Suppose, you are saving some data for safety purposes or testing purposes in a specific folder. After some day/month you don’t need the files and you need to delete the files manually. The same task can be done using some linux command and crontab.
Hence, you want to write a script that will delete these type of files which are older for more than 2 days. After, you should put the script in crontab, so this process will get automated. So, at first,you need to create a bash script “remove_file.sh” in /etc/cron.daily/
remove_file.sh should look like this-
— — — — — — — — — — — — — — — — -
#!/bin/bash
PATH=”/var/tmp/test/”
/usr/bin/find $PATH -type f -name “*.mp4” -mtime +2 -exec /bin/rm {} \;
— — — — — — — — — — — — — — — — — — —
Now, add the task to crontab using command ‘crontab -e’.
Then add the line and save after edit.
0 0 * * * /etc/cron.daily/remove_file.sh
# The script will run at 12 am everyday.
Problem you may face related to find command and cronjob:
find $PATH -type f -name “*.mp4” -mtime +2 -exec rm {} \;
This command is fine when you run the command in a console. But there may some problems arise when the same command is used in the script for crontab.
The problem is that crontab doesn’t have original path for the ‘find’ and ‘rm’ command when it runs. You can actually provide it with a path by adding this to the top of the file opened via crontab -e:
PATH=/usr/bin:/bin:/usr/sbin:/sbin:/usr/local/bin
If you don’t specify the PATH definition like above, use:
/usr/bin/find $PATH -type f -name “*.mp4” -mtime +2 -exec /bin/rm {} \;
Crontab Syntax:
Each line in the user crontab file contains six fields separated by a space followed by the command to be run.
* * * * * command(s)
- — — — -
| | | | |
| | | | — — — Day of week (0–7) (Sunday=0 or 7)

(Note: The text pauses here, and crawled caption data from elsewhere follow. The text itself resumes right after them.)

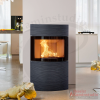 Kaminofen Austroflamm Fynn Xtra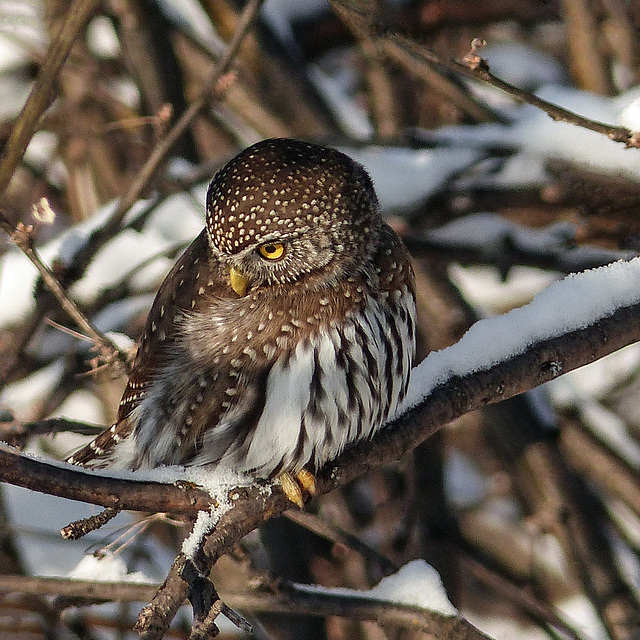 Northern Pygmy-owl on snowy branch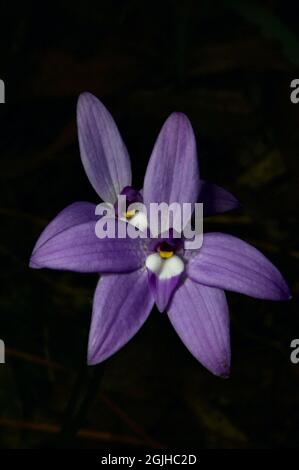 Twin Wax Lips Orchidee (Glossodia Major) non sono comuni - questi bei fiori tendono ad essere solitari. Trovato alla riserva di flora di Hochkins Ridge a Croydon. Foto Stock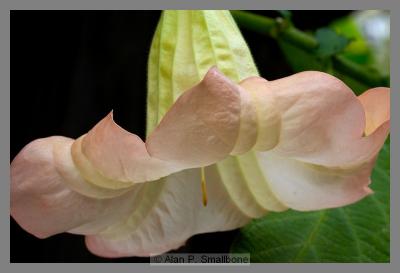 L.A. Arboretum - 11/27/04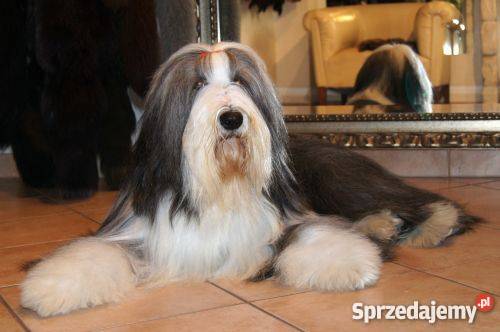 BEARDED COLLIE rodowodowe szczenięta Psy Kraków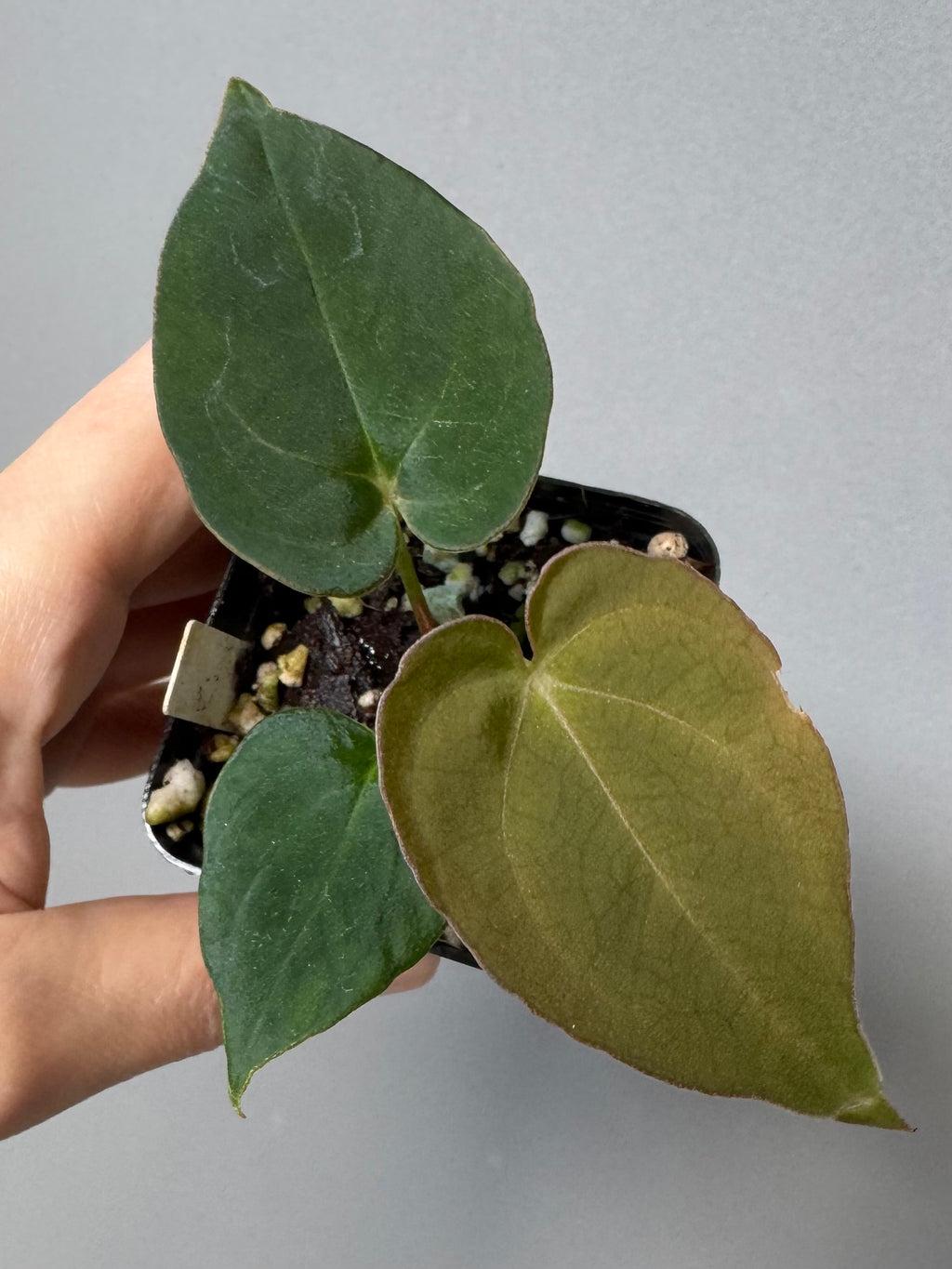 Anthurium Dorayaki x NSE dressleri (Boram / green.hues_)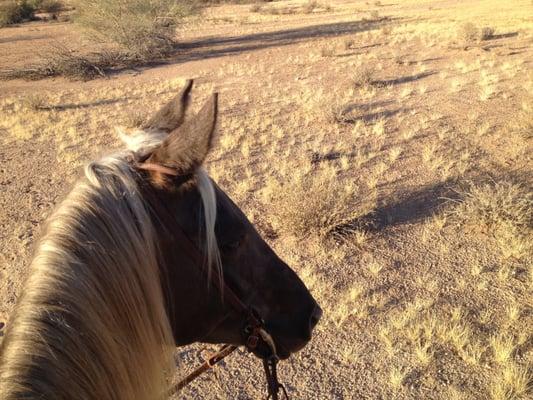 Desert Trails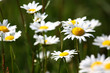 Chamomiles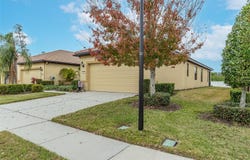 417 BRANDYWINE FALLS COURT, APOLLO BEACH, FL 33572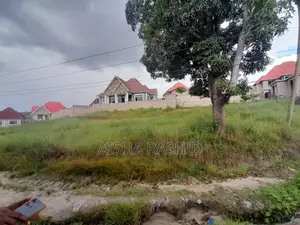 Kiwanja Cha Kishua Temboni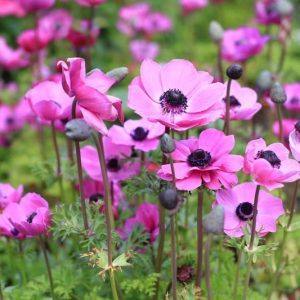 Anemone coronoria Rosea, Poppy Anemone 'Rosea', Spanish Marigold 'Rosea, Windflower 'Rosea', Crown Windflower 'Rosea', Anemone coronaria De Caen, Pink Poppy Anemone, Pink Anemone de Caen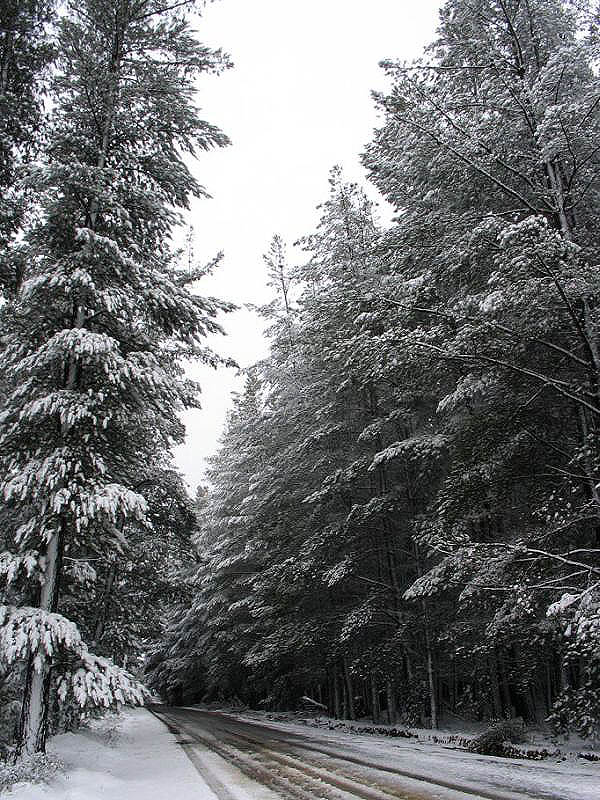 snow snow_pictures : near Oberon, NSW   10 July 2005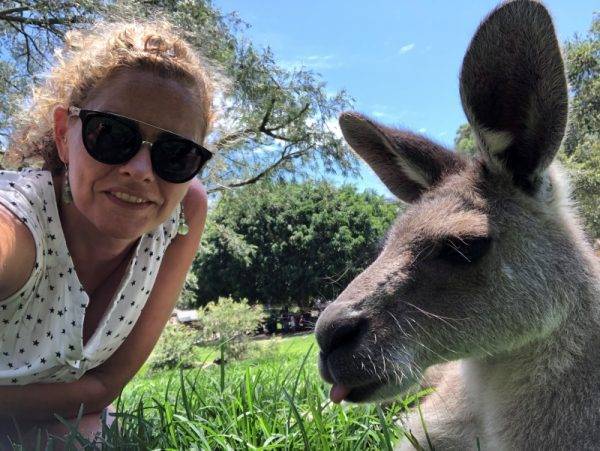 Kangaroo and Maya in Currumbin Wildlife park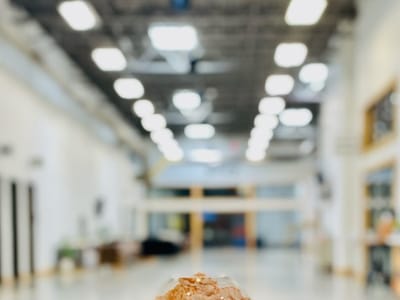 Romeros Coffee & Mini Donuts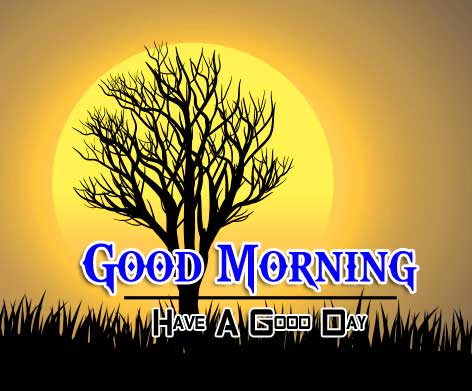 New Good Morning Photo Download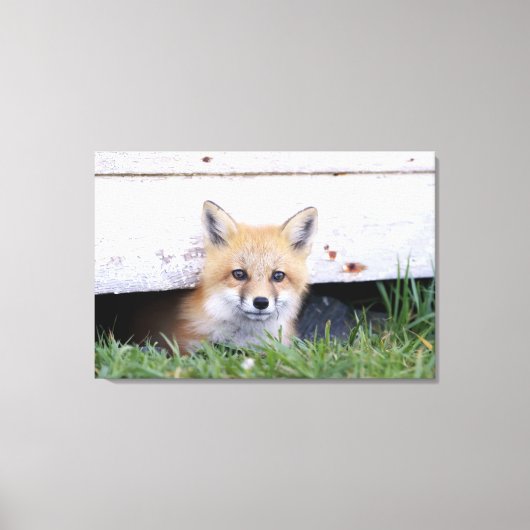 Cutest Baby Animals | Red Fox Kit Peeking Leinwanddruck (Vorderseite)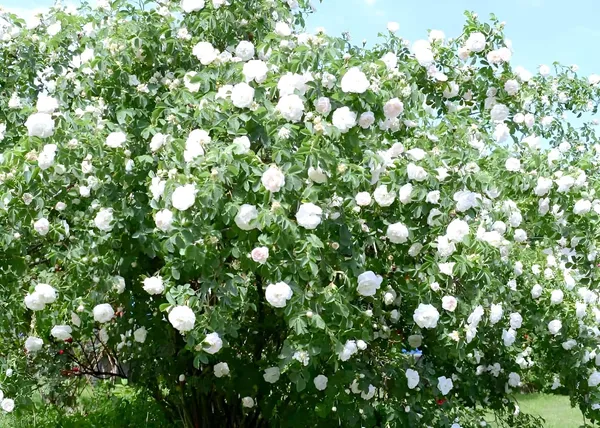 All_season"White_Rose"_GRAFTED_Climbing_Hybrid_Double_Petal_1_Healthy_Decorative_Flowering_plant_for_Home_Garden_tree_Plant_Height_1-1.5_fet_in_Nursery_Grow_Bag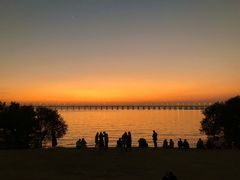 -宝安西湾红树林湿地公园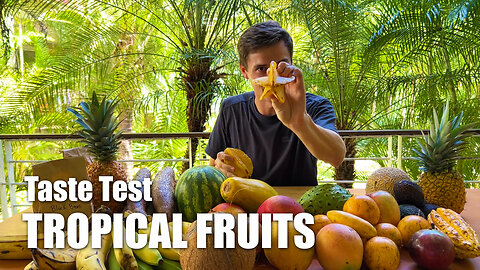 Costa Rica Bluezone Farmers Market | Abundance Of Tropical Fruits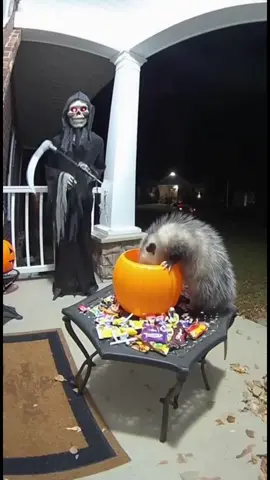 #100k #sora #fyp #trending #tiktok 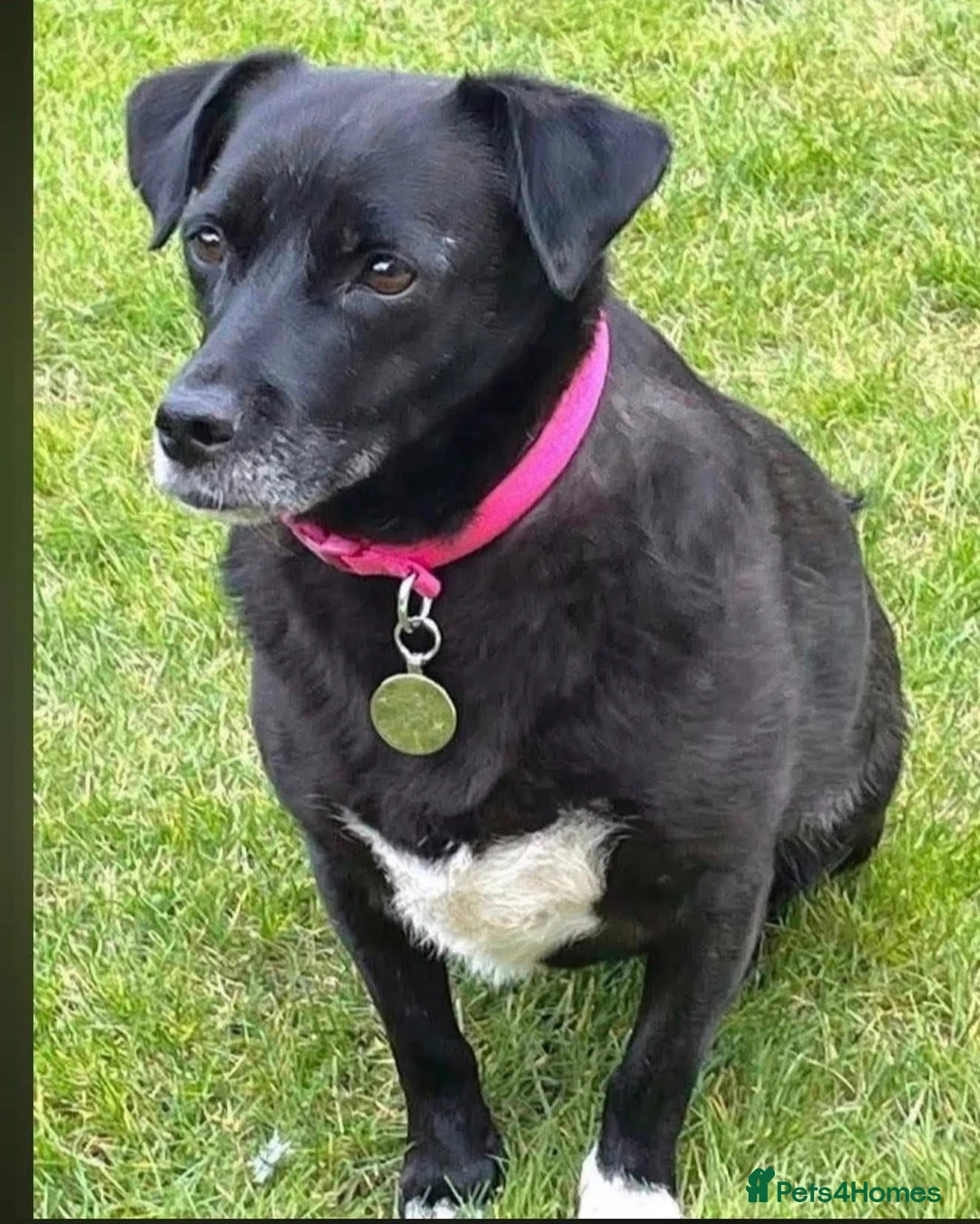 Mixed Breed dogs for adoption: 🐾❤️Meet Bramble in Chelmsford - Advert 2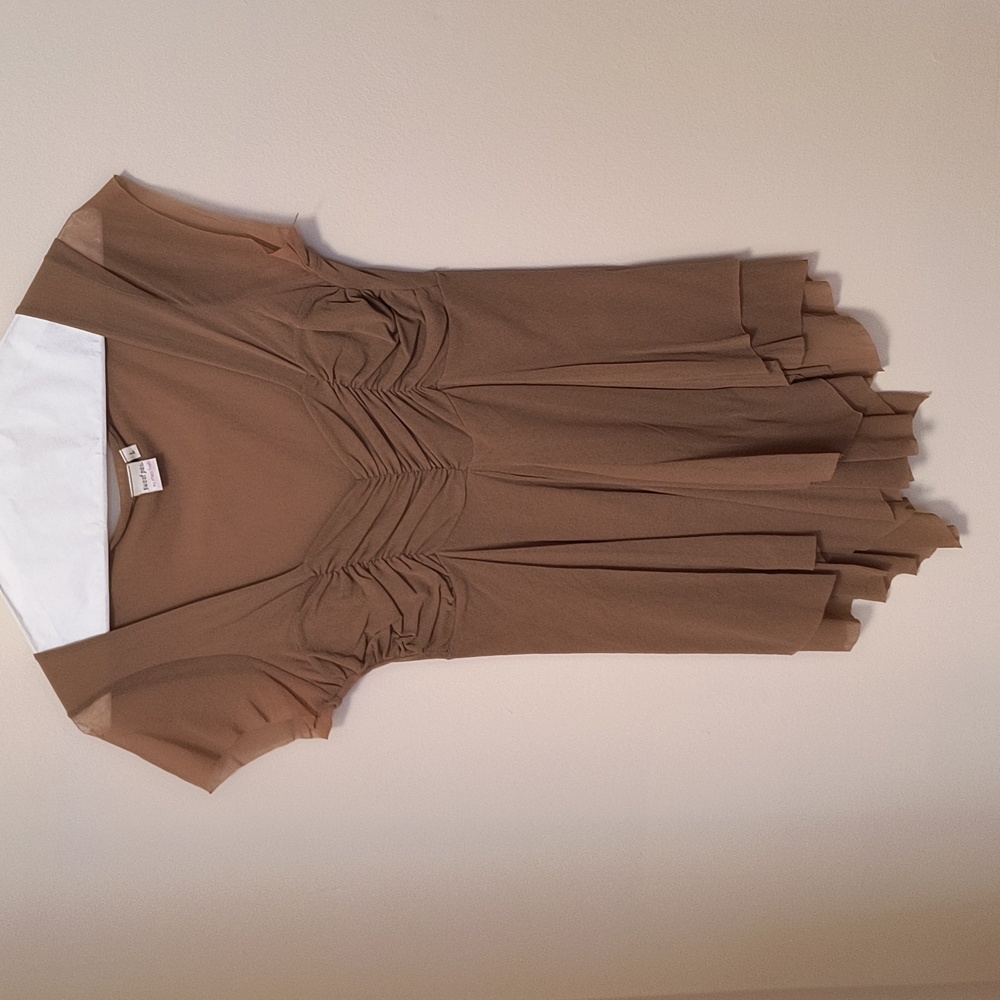 Brown Top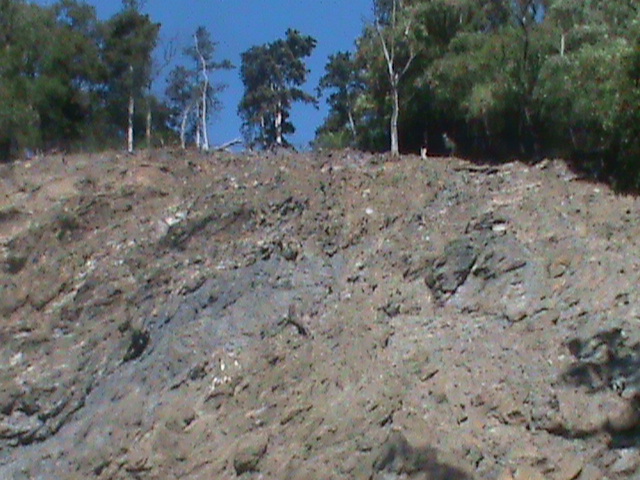 tahr enclosure 140911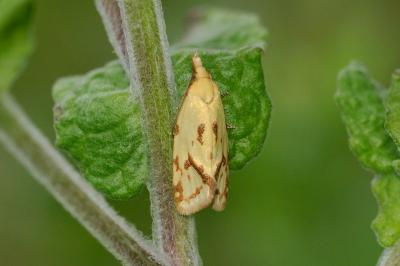 Agapeta hamana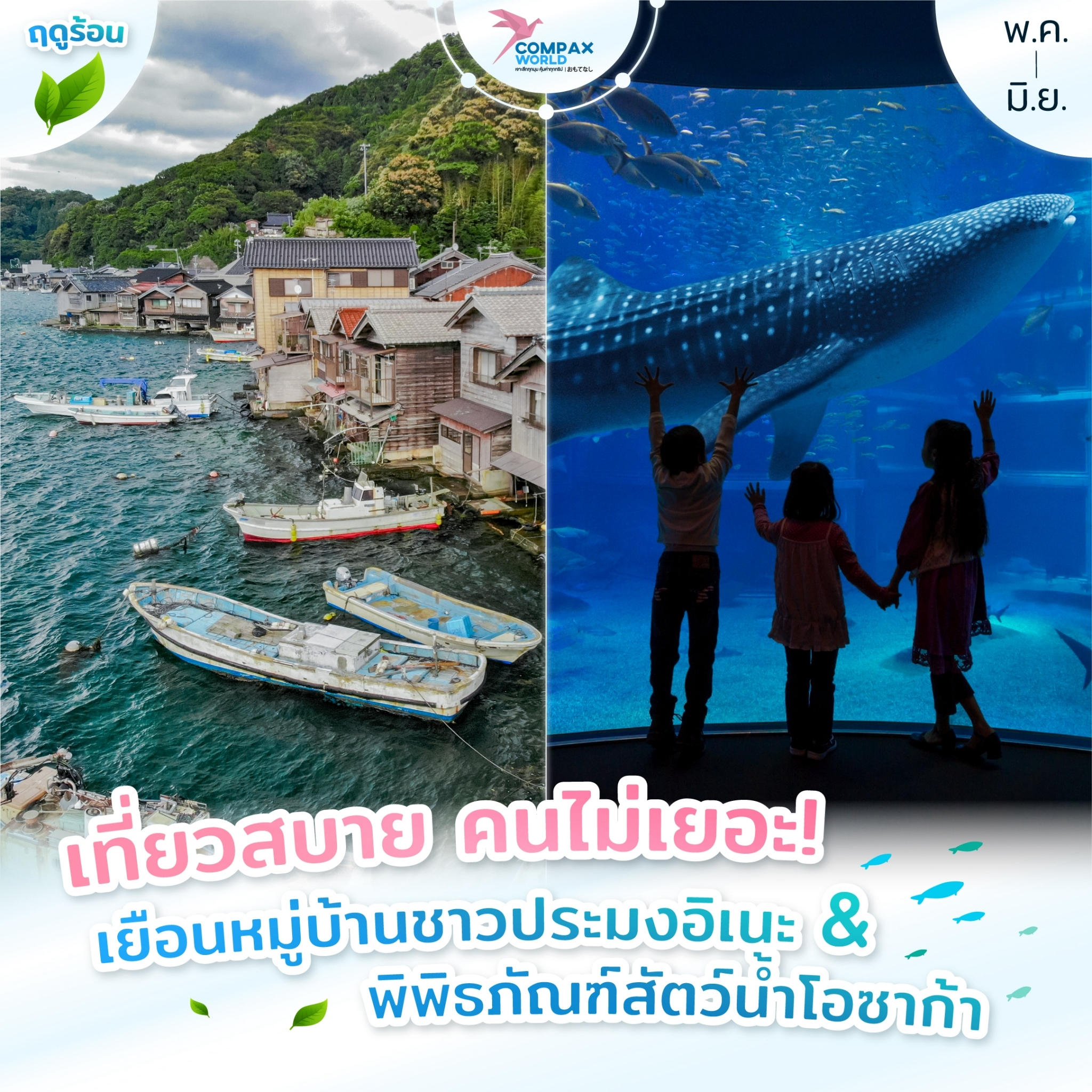 ทัวร์ญี่ปุ่น เที่ยวญี่ปุ่น โปรแกรมทัวร์ญี่ปุ่น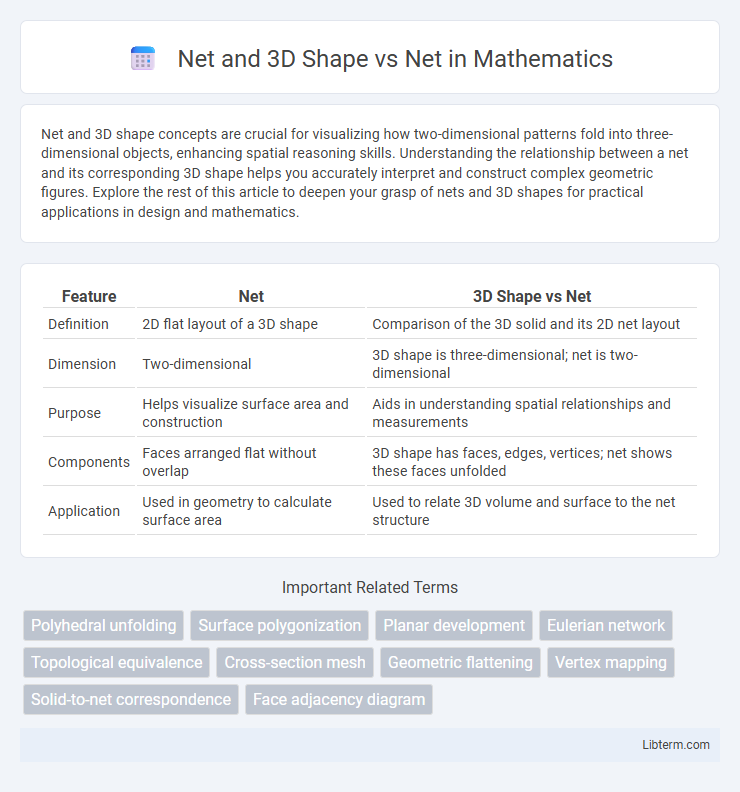 Net vs Net and 3D Shape in Mathematics - What is The Difference?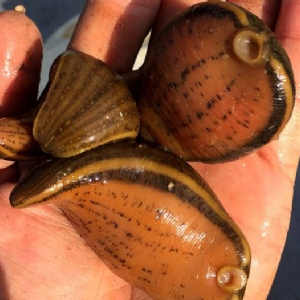 WilliamHill威廉希尔幼苗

| | | — — — — Month (1–12)
| | — — — — — Day of month (1–31)
| — — — — — — Hour (0–23)
— — — — — — — Minute (0–59)
Here are some sample shortcut syntax for running cron job.
- @yearly — Run the specified task once a year at midnight (12:00am) of 1st of January. Equivalent to 0 0 1 1 *.
- @monthly — Run the specified task once a month at midnight on the first day of the month. Equivalent to 0 0 1 * *.
- @weekly — Run the specified task a week at midnight on Sunday. Equivalent to 0 0 * * 0.
- @daily — Run the specified task once a day at midnight. Equivalent to 0 0 * * *.
- @hourly — Run the specified task once an hour at the beginning of the hour. Equivalent to 0 * * * *.
- Every three days of month — 0 0 */3 * *
- @reboot — Run the specified task at the system startup (boot-time).
Crontab command:
The crontab command allows you to install or open a crontab file for editing. You can use the crontab command to view, add, remove or modify cron jobs using the following options:
- crontab -e — Edit crontab file, or create one if it doesn’t already exist.
- crontab -l — Display crontab file contents.
- crontab -r — Remove your current crontab file.
- crontab -i — Remove your current crontab file with a prompt before removal.
- crontab -u <username> — Edit other use crontab file. Requires system administrator privileges.